However, even though (2) does not depend on ionospheric and tropospheric delays, the model is still not of full rank. A rank deficit occurs in two ways. One is the linear dependency between the columns of the receiver clock and the code/phase biases, and the other is the column dependency between phase biases and the SD ambiguities (Mi et al. 2019a, b). By applying the S-system transformation, full rank can be achieved by constraining a minimum set of parameters, or S-basis (Zhang et al. 2018). It should be noted that the choice of S-basis is not unique, which dictates the estimability and the interpretation of parameters. For example, the rank deficiency of the first type can be solved by fixing the receiver code biases of one- or multi-constellation, which results in two different models: classical differencing and inter-system differencing. A detailed explanation and comparison of classical differencing and inter-system differencing can be found in Mi et al. (2020a), which will not be repeated here. In our study, inter-system differencing is adopted. Thus, the rank deficiency between the columns of the receiver clock and the code/ phase biases are solved by fixing the code biases on the first frequency of only one of the constellations. Also, we have the rank defects between phase biases and ambiguities, which are solved by fixing the SD ambiguities of one reference satellite per constellation. Once the rank defects have been solved, we have the following full-rank model

$$\begin{aligned} & p_{{ab,j}}^{{s_{A} }} (i) = g_{{ab}}^{{s_{A} }} (i) \cdot x_{{ab}} (i) + d\tilde{t}_{{ab}} (i) + \tilde{d}_{{ab,j}}^{A} (i) + \varepsilon _{{ab,j}}^{{s_{A} }} \\ & \phi _{{ab,j}}^{{s_{A} }} (i) = g_{{ab}}^{{s_{A} }} (i) \cdot x_{{ab}} (i) + d\tilde{t}_{{ab}} (i) + \tilde{\delta }_{{ab,1}}^{A} (i) + \tilde{\delta }_{{ab,j}}^{A} (i) + \lambda _{j} z_{{ab,j}}^{{1_{A} s_{A} }} + e_{{ab,j}}^{{s_{A} }} \\ & p_{{ab,j}}^{{s_{*} }} (i) = g_{{ab}}^{{s_{*} }} (i) \cdot x_{{ab}} (i) + d\tilde{t}_{{ab}} (i) + \tilde{d}_{{ab,j}}^{*} (i) + \varepsilon _{{ab,j}}^{{s_{*} }} \\ & \phi _{{ab,j}}^{{s_{*} }} (i) = g_{{ab}}^{{s_{*} }} (i) \cdot x_{{ab}} (i) + d\tilde{t}_{{ab}} (i) + \tilde{\delta }_{{ab,1}}^{A} (i) + \tilde{\delta }_{{ab,j}}^{*} (i) + \lambda _{j} z_{{ab,j}}^{{1_{*} s_{*} }} + e_{{ab,j}}^{{s_{*} }} \\ \end{aligned}$$

(3)

where \(\tilde{d}_{{ab,j}}^{A} (i)\) and \(\tilde{\delta }_{{ab,j}}^{A} (i)\) are the DCB and DPB, and their counterpart \(\tilde{d}_{{ab,j}}^{*} (i)\) and \(\tilde{\delta }_{{ab,j}}^{*} (i)\) are the code and phase ISBs, and their interpretations are given in Table 1.

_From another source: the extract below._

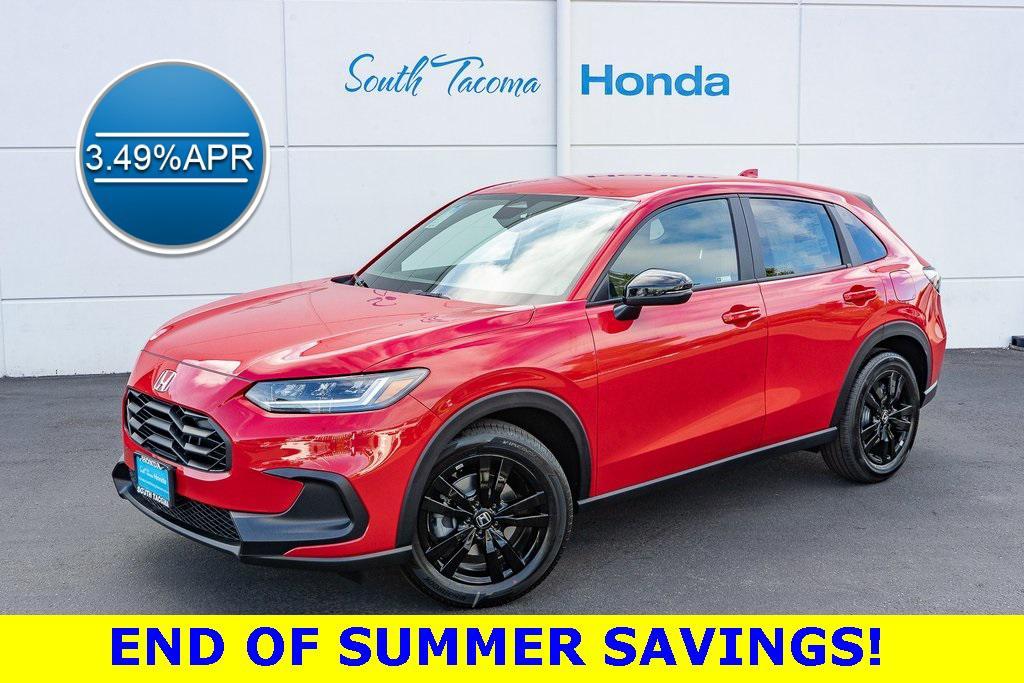 new 2026 Honda HR-V car, priced at $29,845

Table 1 Estimable unknown parameters and their interpretation for the SD ionospheric-fixed, tropospheric-fixed model

Recall that in the estimable form of DPB \(\tilde{\delta }_{{ab,j}}^{A} (i) = \delta _{{ab,j}}^{A} (i) - \delta _{{ab,1}}^{A} (i) + \lambda _{j} z_{{ab,j}}^{{1_{A} }} - \lambda _{1} z_{{ab,1}}^{{1_{A} }}\) and phase ISBs \(\tilde{\delta }_{{ab,j}}^{*} (i) = \delta _{{ab,j}}^{*} (i) - \delta _{{ab,1}}^{A} (i) + \lambda _{j} z_{{ab,j}}^{{1_{{\text{*}}} }} - \lambda _{{\text{1}}} z_{{ab,{\text{1}}}}^{{1_{A} }}\), the datum ambiguities \(\lambda _{j} z_{{ab,j}}^{{1_{A} }} - \lambda _{1} z_{{ab,1}}^{{1_{A} }}\) and \(\lambda _{j} z_{{ab,j}}^{{1_{{\text{*}}} }} - \lambda _{{\text{1}}} z_{{ab,{\text{1}}}}^{{1_{A} }}\) correspond to the reference satellites \(s_{A} = 1_{A}\) and \(s_{*} = 1_{*}\). As is well known that one reference cannot be visible for a long time (usually less than a few hours). In general, when the observation period exceeds a few tens of hours, it is inevitable to change the reference satellite more than once. However, in this case, abrupt jumps will be introduced in the epoch-wise estimates of DPB and phase ISBs, which is not helpful in restoring their characteristics.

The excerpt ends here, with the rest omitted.